Some people suggest that the Church should speak less of sin and instead emphasize positive things. After all, it is said that one can attract more flies with honey than with vinegar. In that vein, we in the Church have been collectively de-emphasizing sin to a large degree for decades, and yet our churches have been getting emptier and emptier. Maybe this is because people are just a little more complicated than the flies in the old saying.
In the Gospel for Thursday of this week (the 24th week in Ordinary Time), Jesus provides the reason our churches are getting emptier. Simply put, there is less love. He says, But the one to whom little is forgiven loves little (Luke 7:47).
Why is this? We love little because we have little appreciation for what the Lord has done for us and for the debt He paid on our behalf. And why is that? Because our debt of sin is no longer preached about the way it should be and thus we are less aware of the gravity of our condition. This diminishes love, and a lack of love leads to neglect and absence.

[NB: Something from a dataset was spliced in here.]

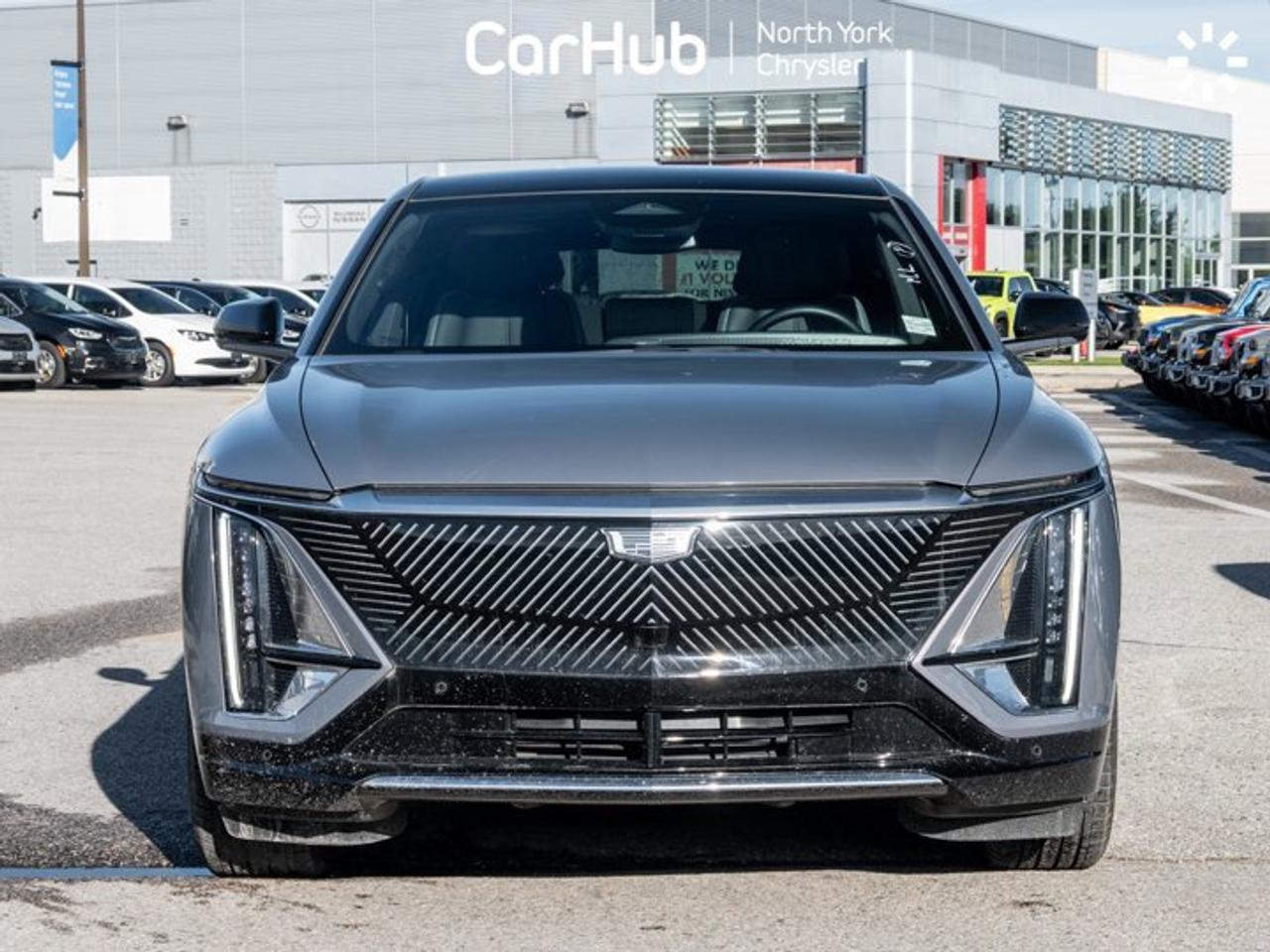 2024 Cadillac LYRIQ Tech Fully Electric | Panoramic Roof | Heated Seats | Navigation | Wireless Connection Photo1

Understanding sin is essential to fully comprehending what the Lord has done for us. Remembering what the Lord has done for us brings gratitude and love. Again, to those who want the Church to de-emphasize sin, Jesus provides this warning: But the one to whom little is forgiven, loves little (Luke 7:47).
Let’s take a brief look at Thursday’s Gospel:
A Pharisee invited Jesus to dine with him, and he entered the Pharisee’s house and reclined at table. Now there was a sinful woman in the city who learned that he was at table in the house of the Pharisee. Bringing an alabaster flask of ointment, she stood behind him at his feet weeping and began to bathe his feet with her tears. Then she wiped them with her hair, kissed them, and anointed them with the ointment. When the Pharisee who had invited him saw this he said to himself, “If this man were a prophet, he would know who and what sort of woman this is who is touching him, that she is a sinner.”

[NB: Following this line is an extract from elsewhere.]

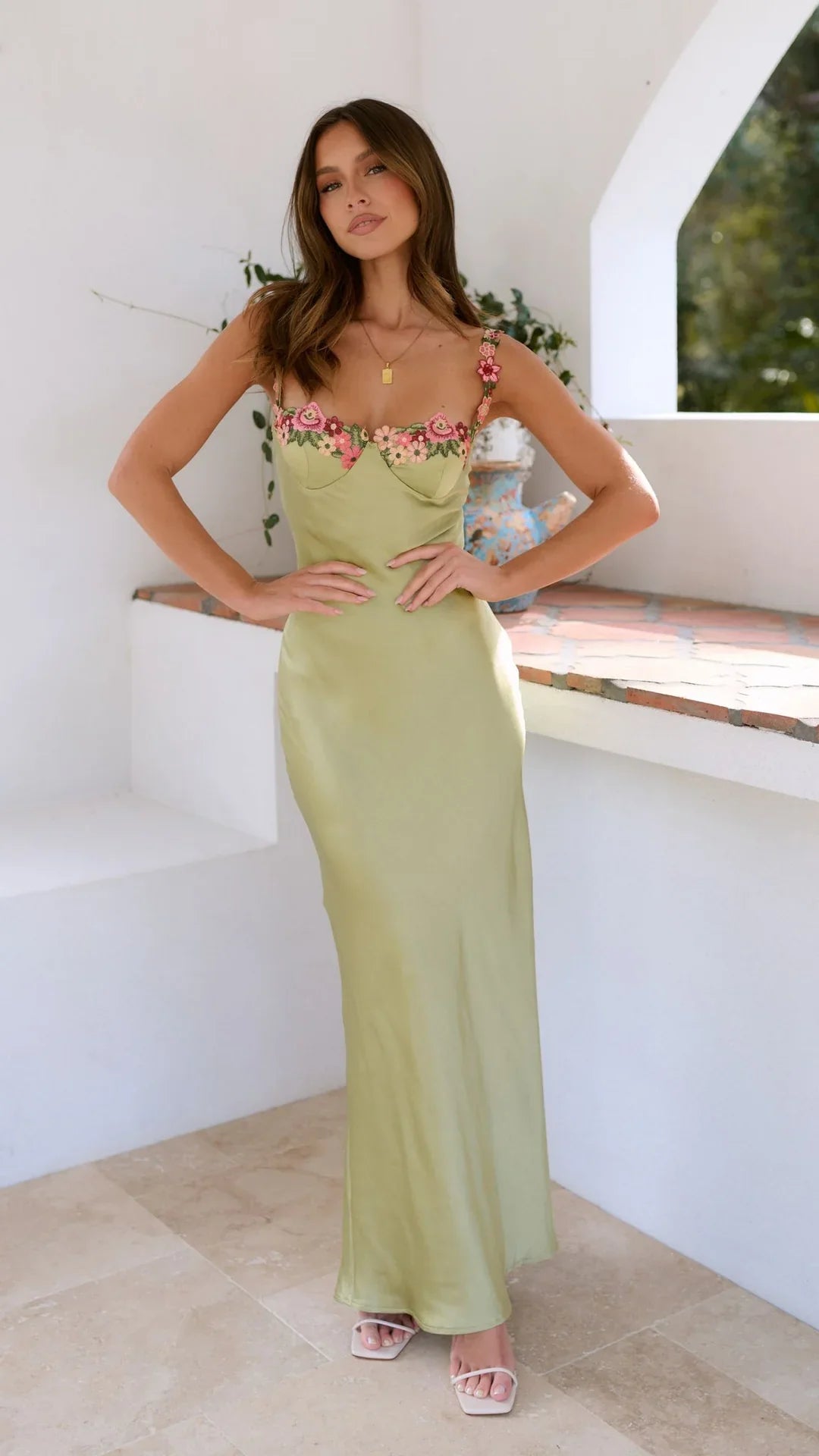 Emilia - Maxikleid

Here is a woman imbued with sorrow for her sins and joy at the Lord’s mercy. The Pharisee’s exasperation is born out of blindness to his own sin. Being blind in this way, his heart is ill-equipped to love or even to experience love. He has no sense at all that he even needs it. His sense is that he has earned God’s love and that God somehow owes him! The Pharisee’s only hope is grace, love, and mercy from God.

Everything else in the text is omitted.